This tutorial will exaplin what Dynamic Topic Models are, and how to use them using the LdaSeqModel class of gensim. I will start with some theory and already documented examples, before moving on to an example run of Dynamic Topic Model on a sample dataset. I will also do an comparison between the python code and the already present gensim wrapper, and illustrate how to easily visualise them and do topic coherence with DTM. Any suggestions to improve documentation or code through PRs/Issues is always appreciated!
Imagine you have a gigantic corpus which spans over a couple of years. You want to find semantically similar documents; one from the very beginning of your time-line, and one in the very end. How would you? This is where Dynamic Topic Models comes in. By having a time-based element to topics, context is preserved while key-words may change.
David Blei does a good job explaining the theory behind this in this Google talk. If you prefer to directly read the paper on DTM by Blei and Lafferty, that should get you upto speed too.
In his talk, Blei gives a very interesting example of the motivation to use DTM. After running DTM on a dataset of the Science Journal from 1880 onwards, he picks up this paper - The Brain of the Orang (1880). It's topics are concentrated on a topic which must be to do with Monkeys, and with Neuroscience or brains.
He goes ahead to pick up another paper with likely very less common words, but in the same context - analysing monkey brains. In fact, this one is called - "Representation of the visual field on the medial wall of occipital-parietal cortex in the owl monkey". Quite the title, eh? Like mentioned before, you wouldn't imagine too many common words in these two papers, about a 100 years apart.
But a Hellinger Distance based Document-Topic distribution gives a very high similarity value! The same topics evolved smoothly over time and the context remains. A document similarity match using other traditional techniques might not work very well on this! Blei defines this technique as - "Time corrected Document Similarity".
Another obviously useful analysis is to see how words in a topic change over time. The same broad classified topic starts looking more 'mature' as time goes on. This image illustrates an example from the same paper linked to above.
Dynamic Topic Models are used to model the evolution of topics in a corpus, over time. The Dynamic Topic Model is part of a class of probabilistic topic models, like the LDA.
While most traditional topic mining algorithms do not expect time-tagged data or take into account any prior ordering, Dynamic Topic Models (DTM) leverages the knowledge of different documents belonging to a different time-slice in an attempt to map how the words in a topic change over time.

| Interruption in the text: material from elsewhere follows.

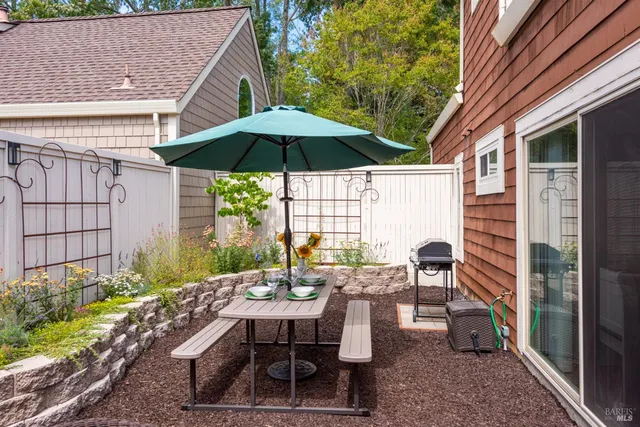 $599,000 | 2734 Lakeview Drive, Santa Rosa, CA 95405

This blog post is also useful in breaking down the ideas and theory behind DTM.
But - why even undertake this, especially when Gensim itself have a wrapper? The main motivation was the lack of documentation in the original code - and the fact that doing an only python version makes it easier to use gensim building blocks. For example, for setting up the Sufficient Statistics to initialize the DTM, you can just pass a pre-trained gensim LDA model!

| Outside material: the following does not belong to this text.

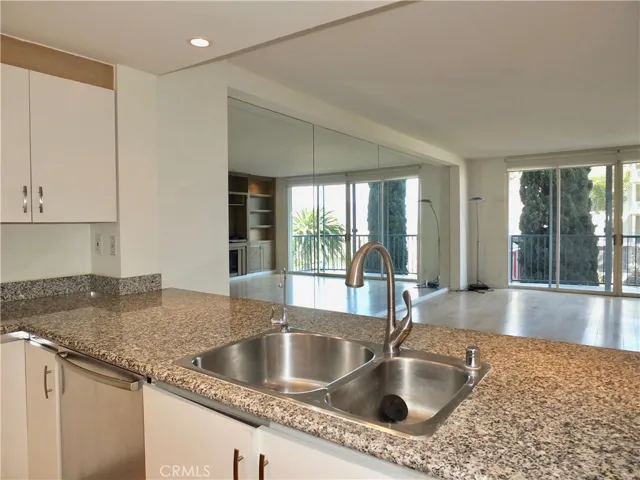 850 E Ocean Boulevard 203, Long Beach, California 90802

There is some clarity on how they built their code now - Variational Inference using Kalman Filters, as described in section 3 of the paper. The mathematical basis for the code is well described in the appendix of the paper. If the documentation is lacking or not clear, comments via Issues or PRs via the gensim repo would be useful in improving the quality.
This project was part of the Google Summer of Code 2016 program: I have been regularly blogging about my progress with implementing this, which you can find here.
Gensim already has a wrapper for original C++ DTM code, but the LdaSeqModel
class is an effort to have a pure python implementation of the same.
Using it is very similar to using any other gensim topic-modelling algorithm, with all you need to start is an iterable gensim corpus, id2word and a list with the number of documents in each of your time-slices.
In [1]:
# setting up our imports
from gensim.models import ldaseqmodel
from gensim.corpora import Dictionary, bleicorpus
import numpy
from gensim.matutils import hellinger
We will be loading the corpus and dictionary from disk. Here our corpus in the Blei corpus format, but it can be any iterable corpus. The data set here consists of news reports over 3 months (March, April, May) downloaded from here and cleaned.
Note: the dataset is not cleaned and requires pre-processing. This means that some care must be taken to group the relevant docs together (the months are mentioned as per the folder name), after which it needs to be broken into tokens, and stop words must be removed. This is a link to some basic pre-processing for gensim - link.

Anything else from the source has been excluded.